Deprecation: Enabling Unified Mode (CHEF-33)
Unified mode is a setting that will compile and converge a custom resource’s action block in one pass and in the order that the code inside that block is composed, from beginning to end. This replaces Chef Infra’s two-pass parsing with single-pass parsing so that resources are executed as soon as they are declared. This results in clearer code and requires less Ruby knowledge to understand the order of operations.
In Chef Infra Client 17 (April 2021) and some earlier versions, unified mode is not enabled by default. Enable unified mode on a custom resource with unified_mode true
. Chef Infra Client displays a deprecation message with unified_mode false
.
In Chef Infra Client 18 (April 2022), unified_mode true
will become the default behavior.
Chef Infra Client | Unified Mode |
---|---|
18.x (2022) | Default: unified_mode true |
17.x (2021) | Default: unified_mode false |
16.x (2020) | Default: unified_mode false |
15.3 and higher | Default: unified_mode false |
15.0–15.2 | Not available |
14.14-14.15 | Default: unified_mode false |
Lower than 14.14 | Not available |
Enable Unified Mode
Enable unified mode by adding the unified_mode true
in a custom resource. You can upgrade most custom resources to use unified mode without additional work other than testing and validation.
# enable unified mode
unified_mode true
provides :myresource
actions :run do
[...]
end
Actions on Later Resources
Since unified mode executes your resource as it is compiled, :immediate
notifications that execute later resources are handled differently than in the past.
:immediate
Notifications to Later Resources
Unified mode delays immediate notifications to later resources. In unified mode, the Chef Infra Client saves immediate notifications and executes them when the later resource is parsed. Immediate notifications to prior resources and delayed notifications behave the same as they did before unified mode.
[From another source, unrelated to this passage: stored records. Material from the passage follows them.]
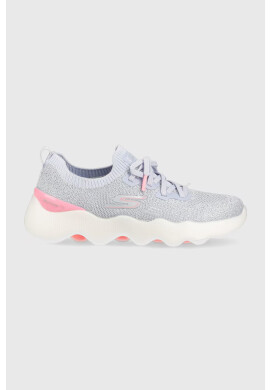 Skechers Маратонки Massage Fit Upsurge в синьо - Pepit.bg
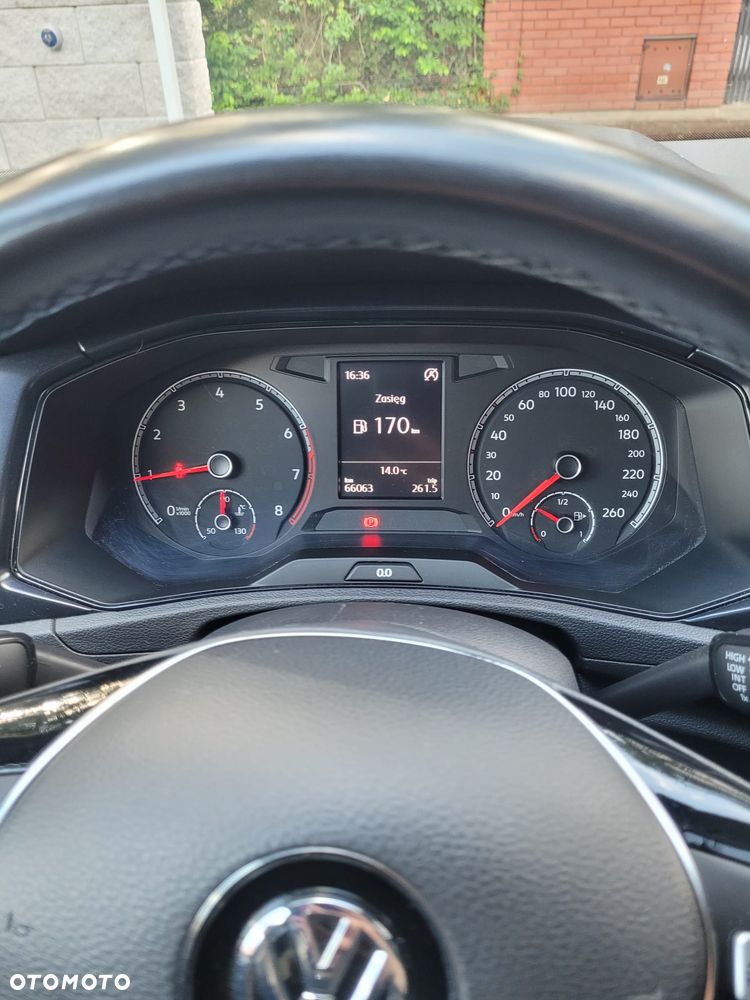 Volkswagen T-Roc 1.0 TSI - 17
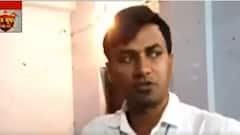 WB Municipal Election 2022: ‘গান পয়েন্টে’ প্রিসাইডিং অফিসার, খড়গপুরে ভোট ‘লুঠ’।Bangla News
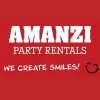 Amanzi Party Rentals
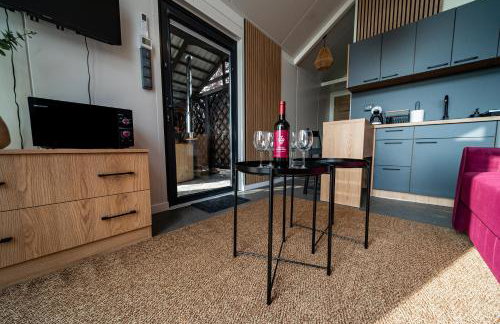 Domki Winne Tarasy - Foto 29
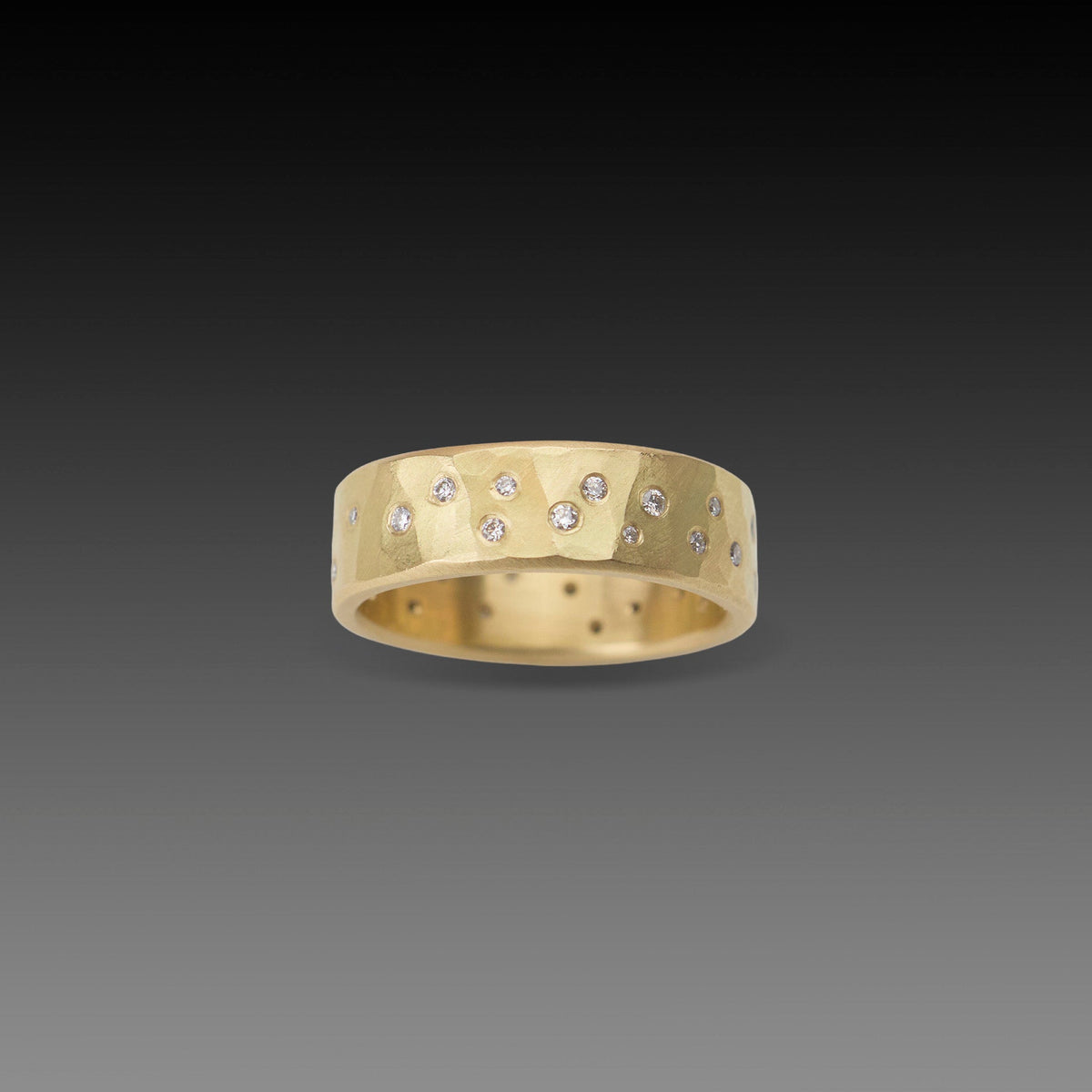 Diamond Galaxy Band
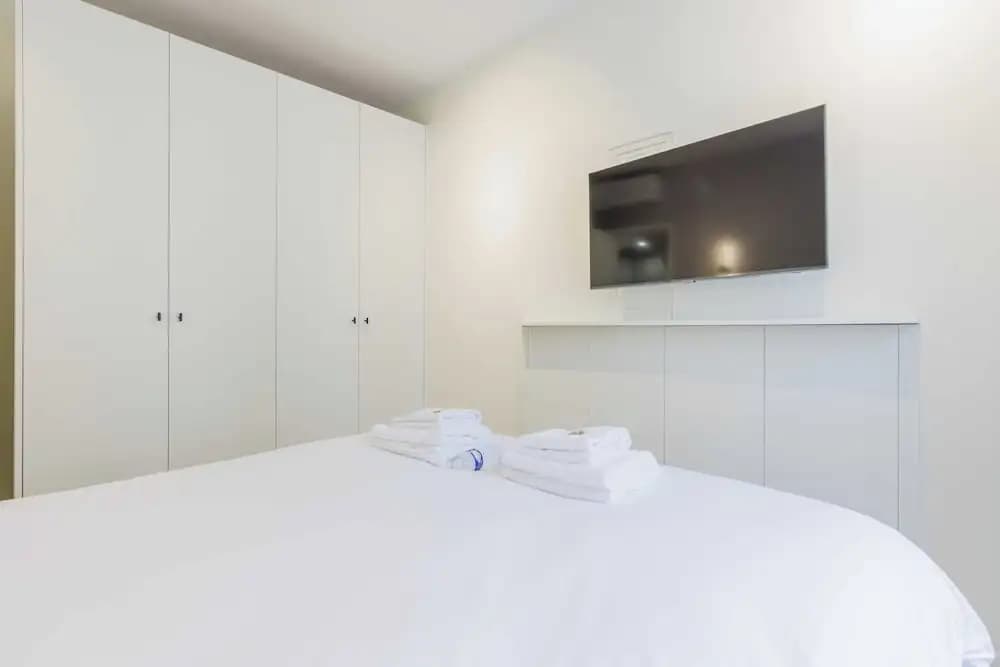 Cosy Apartment - 2br/6p - Clignancourt/sacre-coeur - Photo 1
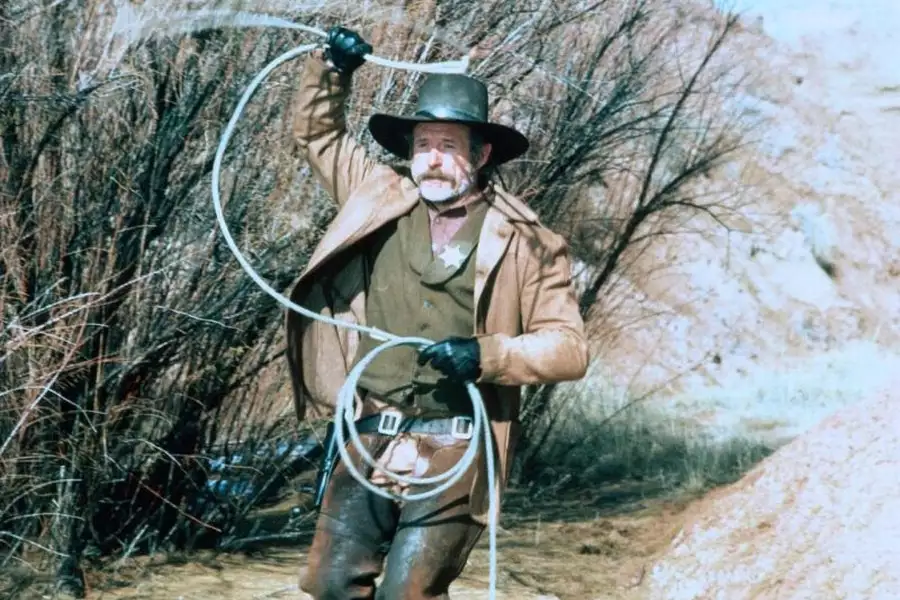 Silverado - galeria zdjęć - filmweb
The end result of sequentially chaining immediate notifications is the same as before unified mode. Instead of immediately notifying results, the notifications fire in order as they are parsed, which has the same outcome. If the parse order and the intended execution order are different, then the results may be different and are a reflection of the parse order.
The changes to sending immediate notification could result in subtle changes to behaviors in some resources, but it is not a breaking change to common patterns of writing resources.
Chaining immediate notifications to later resources:
remote_file "#{Chef::Config[:file_cache_path]}/myservice.tgz" do
source "http://acme.com/myservice.tgz"
notifies :extract, "archive_file[myservice.tgz]", :immediately
end
archive_file "#{Chef::Config[:file_cache_path]}/myservice.tgz" do
destination '/srv/myservice'
notifies :start, "service[myservice]", :immediately
action :nothing
end
service "myservice" do
action :nothing
end
:before
Notifications to Later Resources
In unified mode, you must declare a resource before sending a before
notification to it.
Resources that subscribe to a before
notification to a later resource must be declared after the resource that triggers the notification.
This resource declares a before
notification to a later resource and will no longer work:
package "myservice" do
notifies :stop, "service[myservice]", :before
notifies :start, "service[myservice]", :immediately
end
service "myservice" do
action :nothing
end
Instead, declare the resource and then declare actions. For example:
service "myservice" do
action :nothing
end
package "myservice" do
notifies :stop, "service[myservice]", :before
notifies :start, "service[myservice]", :immediately
end
Out of Order Execution
Unified mode breaks custom resources that rely on the out-of-order execution of compile-time statements. Move any affected compile-time statements to the location in the code where they are intended to execute.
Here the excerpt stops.